══ SUPPLIED DATA

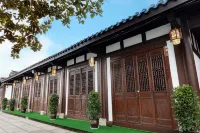 攬江·江景客棧（閬中古城華光樓店） Hôtels à proximité de : Langzhong Passenger Transportation Center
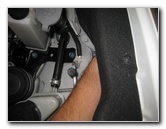 Nissan-Murano-Headlight-Bulbs-Replacement-Guide-017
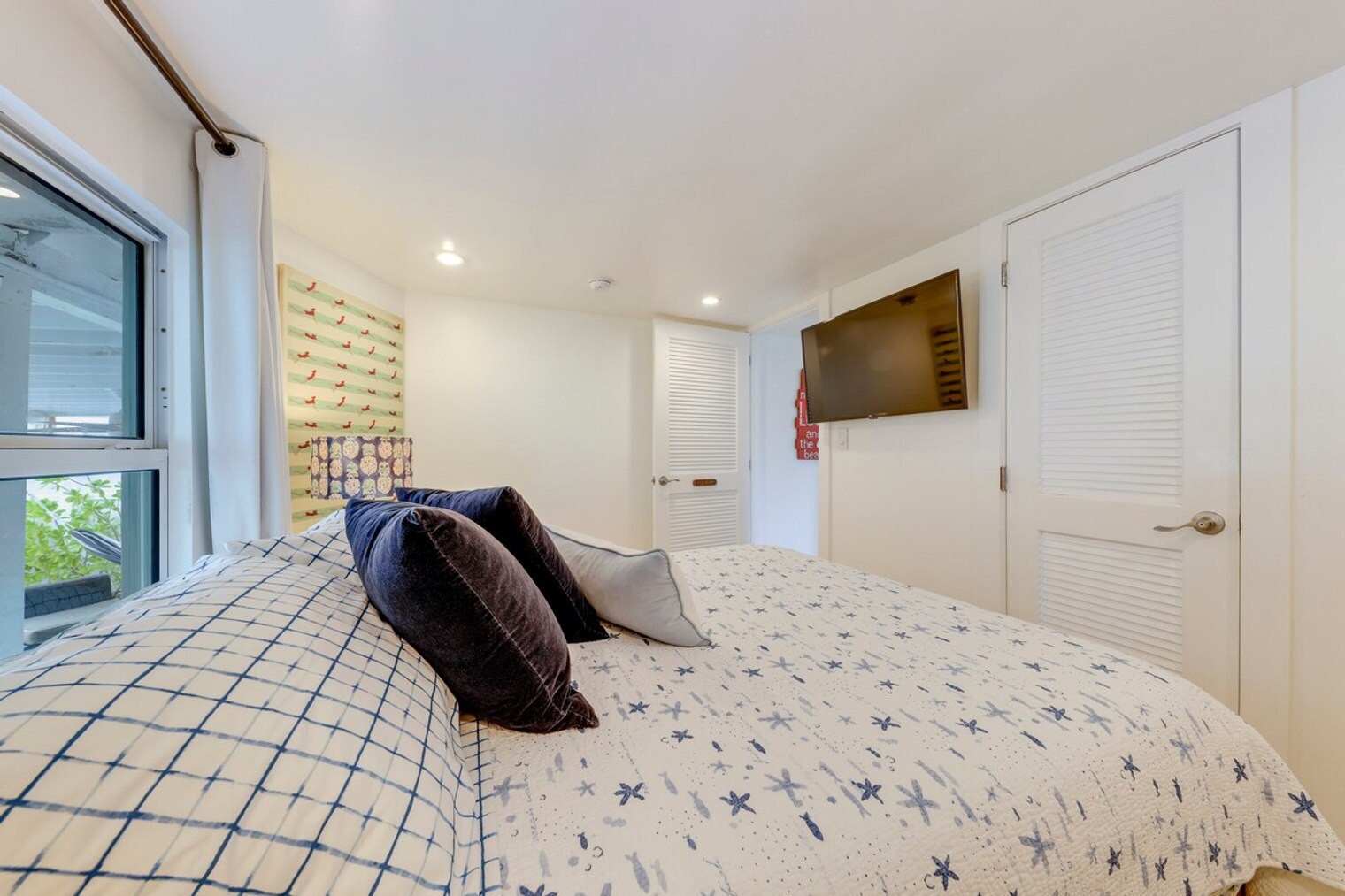 Building Photo - 398 Burton Dr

════

• _ABOUT THIS TASK_: All of the material above should be written out exactly as given, minus any images.

• _RESULT_:
 攬江·江景客棧（閬中古城華光樓店） Hôtels à proximité de : Langzhong Passenger Transportation Center
 Nissan-Murano-Headlight-Bulbs-Replacement-Guide-017
 Building Photo - 398 Burton Dr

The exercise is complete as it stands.